Les recensements linguistiques, comme l'a montré Paul Lévy dans l'Encyclopédie du Mouvement wallon ne prennent pas en compte le wallon : « Quant au wallon, il n'en est pas question dans les textes officiels. Il y a donc une tension entre la situation légale et la pratique effective[14]. » C'est que le mouvement flamand refuse de voir le flamand mis sur le même pied que le wallon. Toute personne s'exprimant surtout ou seulement en wallon est assimilée à un francophone. La Société de langue et de littérature wallonnes exige pourtant en 1912 et en 1919 que les recensements prennent en compte cette langue[15]. Michel De Coster remarque à ce propos que cela fait partie des difficultés d'identification de la Wallonie qui ne possède pas de langue propre[16]. Avec la loi Coremans-De Vriendt du , le rapport politique entre le wallon et le mouvement wallon va changer.
Avant la loi d'Égalité, cette expression même d’égalité des langues n'était pas acceptée par les militants wallons qui considéraient le flamand, à l'instar du wallon, comme un idiome. Selon eux, les Flamands devaient abandonner leurs idiomes comme les Wallons l'avaient fait. Avec la reconnaissance du néerlandais, la volonté de défendre le wallon commence à naître au sein du mouvement wallon et c'est ainsi que, par exemple, la Ligue wallonne de Liège commence à publier, dans L’Âme wallonne, de nombreux articles en wallon. Son usage était auparavant resté cantonné aux publications des associations culturelles et folkloriques. La promotion de la langue wallonne ne sera pourtant jamais forte de la part des wallingants, trop attachés à un certain jacobinisme français[17]. Après la Première Guerre mondiale, les écoles publiques vont imposer une éducation en langue française à tous les enfants, ce qui induit un dénigrement du wallon, renforcé par les consignes officielles de 1952 visant à punir son utilisation dans les écoles. Depuis le milieu du XXe siècle, la transmission générationnelle de la langue a diminué.

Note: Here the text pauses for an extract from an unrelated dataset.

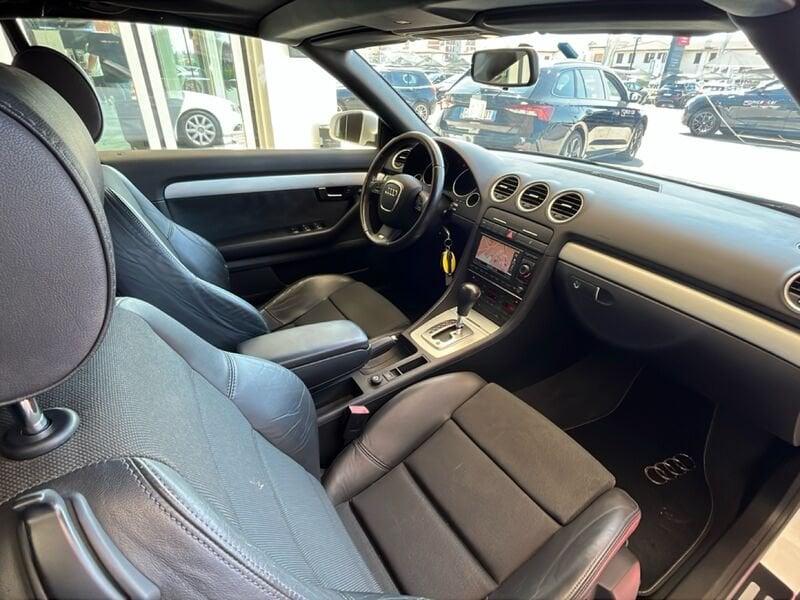 Audi A4 A4 Cabrio 2.0 tdi *AUTOMATICA*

En 1931, le compositeur, Eugène Ysaÿe, réalise en wallon l'opéra, Pire li Houyeu (Pierre le mineur), œuvre qui rend hommage aux conditions de vie des mineurs de la fin du XIXe siècle. Depuis le début des années 1990, un groupe d'écrivains de langue wallonne tente de réévaluer le système de transcription Feller. Ce système a été créé par des dialectologues dans le but de protection d'un patrimoine littéraire patoisant ou l'étude dialectologique plutôt que de promotion d'une langue moderne. Ce groupe vise l'établissement d'une norme écrite commune, dans un but symbolique et politique, pour une langue dont les modalités parlées varient de région en région, mais sont inter-compréhensibles. Cette langue écrite commune et normalisée s'appelle le wallon unifié ou rfondou walon en wallon. Il est bien question ici d'une langue écrite : la particularité du système est que certaines notations sont communes aux diverses variantes locales, mais se prononcent de manière différente selon l'endroit. En 1990, le wallon a été reconnu par la Fédération Wallonie-Bruxelles de Belgique, comme "langue régionale endogène" qui doit être étudiée dans les écoles et dont l'usage doit être encouragé. L'Union Culturelle Wallonne regroupe plus de 200 cercles de théâtre amateur, des groupes d'écrivains, et des représentants d'écoles.